# You Suddenly Find Yourself In The World oF The Walking Dead (spoilers possible)



## BAYLOR (Mar 23, 2015)

Like Rick and his fellow survivors, you wake up one day to find that  A zombie plague  has decimated the world and you're one of the the survivors . Shelter ,Food supplies and weapons are not going be a problem , at least for a while.  Could you survive and for how long? Would you stay the person you are in such a scenario or would change for the worse given the situation you find yourself in?

Thoughts?


----------



## Curt Chiarelli (Mar 23, 2015)

BAYLOR said:


> Like Rick and his fellow survivors, you wake up one day to find that  A zombie plague  has decimated the world and you're one of the the survivors . Shelter ,Food supplies and weapons are not going be a problem , at least for a while.  Could you survive and for how long? Would you stay the person you are in such a scenario or would change for the worse given the situation you find yourself in?
> 
> Thoughts?



Sorry to report that the zombie apocalypse has already descended upon our heads. We can thank our corporate masters for the alienated, consumerist lifestyles of the living dead that have been foisted upon us for the past half century. In case anyone didn't get that memo, I'll text it right over to you . . . .

Outside of the fact that I am not currently in shape and that my ethics are antiquated even by mid-20th century standards, I know factually that my will to survive would likely supersede any qualms I'd have over packing large caliber ordnance, occasional acts of ruthless mass slaughter and the use of harsh language in mixed company.
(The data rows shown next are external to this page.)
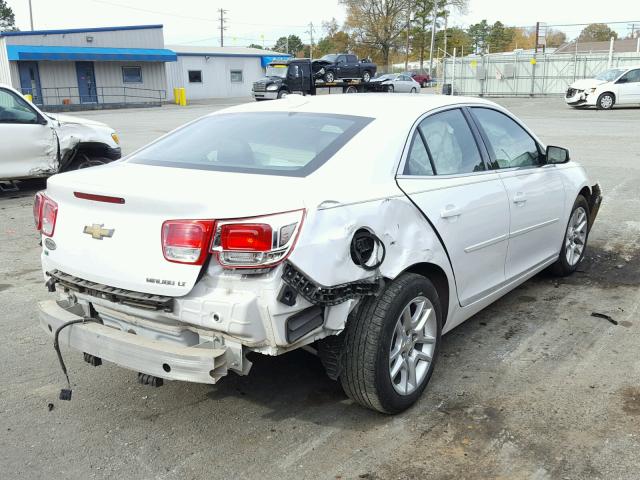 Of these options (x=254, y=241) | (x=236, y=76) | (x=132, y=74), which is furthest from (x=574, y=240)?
(x=236, y=76)

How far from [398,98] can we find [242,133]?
107cm

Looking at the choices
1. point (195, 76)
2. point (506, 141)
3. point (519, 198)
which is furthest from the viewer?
point (195, 76)

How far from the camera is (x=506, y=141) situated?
4.53 meters

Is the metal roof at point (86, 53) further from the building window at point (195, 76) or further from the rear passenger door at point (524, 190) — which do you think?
the rear passenger door at point (524, 190)

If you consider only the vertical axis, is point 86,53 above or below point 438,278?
above

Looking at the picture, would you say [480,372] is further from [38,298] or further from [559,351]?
[38,298]

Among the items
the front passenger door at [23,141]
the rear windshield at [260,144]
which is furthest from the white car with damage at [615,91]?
the rear windshield at [260,144]

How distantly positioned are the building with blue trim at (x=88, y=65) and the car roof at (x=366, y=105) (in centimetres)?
3583

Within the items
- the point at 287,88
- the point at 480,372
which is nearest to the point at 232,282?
the point at 480,372

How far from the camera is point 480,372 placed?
382 centimetres

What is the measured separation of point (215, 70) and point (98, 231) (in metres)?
51.4

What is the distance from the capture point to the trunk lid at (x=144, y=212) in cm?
275

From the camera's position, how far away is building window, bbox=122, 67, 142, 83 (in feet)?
→ 138

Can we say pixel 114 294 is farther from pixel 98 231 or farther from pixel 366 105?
pixel 366 105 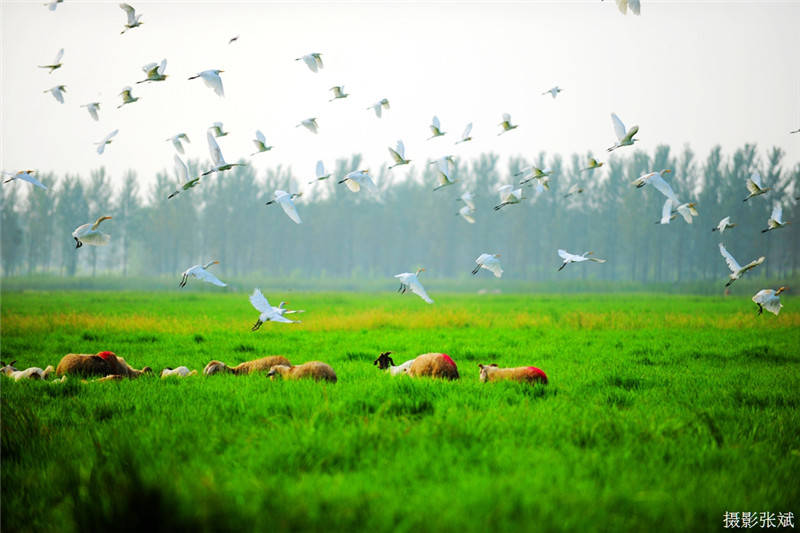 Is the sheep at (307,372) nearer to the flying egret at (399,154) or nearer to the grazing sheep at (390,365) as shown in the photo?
the grazing sheep at (390,365)

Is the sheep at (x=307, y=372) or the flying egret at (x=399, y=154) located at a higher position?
the flying egret at (x=399, y=154)

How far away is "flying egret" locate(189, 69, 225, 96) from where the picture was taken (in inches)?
389

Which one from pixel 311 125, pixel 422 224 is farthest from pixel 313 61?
pixel 422 224

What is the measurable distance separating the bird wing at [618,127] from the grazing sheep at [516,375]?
5.81 m

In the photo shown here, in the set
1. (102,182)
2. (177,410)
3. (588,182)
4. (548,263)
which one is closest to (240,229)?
(102,182)

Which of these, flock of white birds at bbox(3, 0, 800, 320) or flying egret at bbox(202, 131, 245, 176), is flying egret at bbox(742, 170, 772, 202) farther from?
flying egret at bbox(202, 131, 245, 176)

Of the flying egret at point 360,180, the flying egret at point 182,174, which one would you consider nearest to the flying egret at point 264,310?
the flying egret at point 182,174

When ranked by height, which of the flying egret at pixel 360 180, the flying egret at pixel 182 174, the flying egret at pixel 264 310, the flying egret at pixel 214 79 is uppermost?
the flying egret at pixel 214 79

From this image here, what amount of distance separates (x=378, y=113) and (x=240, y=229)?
245ft

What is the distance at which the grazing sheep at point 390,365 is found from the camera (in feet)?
27.9

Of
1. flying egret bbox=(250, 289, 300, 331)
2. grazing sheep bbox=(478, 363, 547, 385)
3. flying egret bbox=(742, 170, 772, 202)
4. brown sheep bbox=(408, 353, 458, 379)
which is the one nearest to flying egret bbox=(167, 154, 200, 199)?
flying egret bbox=(250, 289, 300, 331)

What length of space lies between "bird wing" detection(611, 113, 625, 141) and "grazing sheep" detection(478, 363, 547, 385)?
5813 mm

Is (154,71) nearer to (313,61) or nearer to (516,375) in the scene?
(313,61)

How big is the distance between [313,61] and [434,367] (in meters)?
7.73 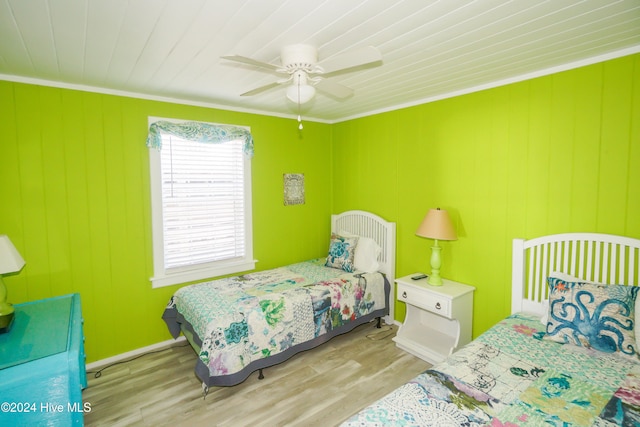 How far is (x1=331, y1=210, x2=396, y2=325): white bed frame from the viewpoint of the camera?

I'd prefer to retain the decorum, class and graciousness of my former self, but I just can't see myself ending up as a self-serve buffet for a shambling meat puppet who's well past their sell-by date.

To follow the twisted logic of this argument further than it necessarily should go, I'd imagine - after overcoming my initial squeamishness and building up a suitable amount of sociopathic callousness - grooming myself after the character, The Governor. At first, the signs would be innocuous enough: the affectation of an eye patch . . . . a growing fondness for impromptu lectures about Hannibal's military tactics and referring to myself in the third person. But then, long after midnight, while everyone else sleeps, I'll slowly but surely coalesce my sinister plans for group domination and improved sewage treatment in our compound. And the best part of being a charismatic arch-villain? The drawing up of enemies lists and monologuing to my rather dull-witted and cowardly minions!


----------



## Dave (Mar 23, 2015)

The mistake Rick & Co. keep making is settling in places where they are unable to defend themselves from attacks. The shambling Zombies aren't as much of a problem as the other groups of survivors. I would therefore find some place better to hole up with my own group - either a barricaded upper river valley in Cumbria/North Yorks (_The Death of Grass_) or some medieval Castle (_Song of Stone_) and hope that no one has a working army tank with ammunition and other unfeasibly large firearms.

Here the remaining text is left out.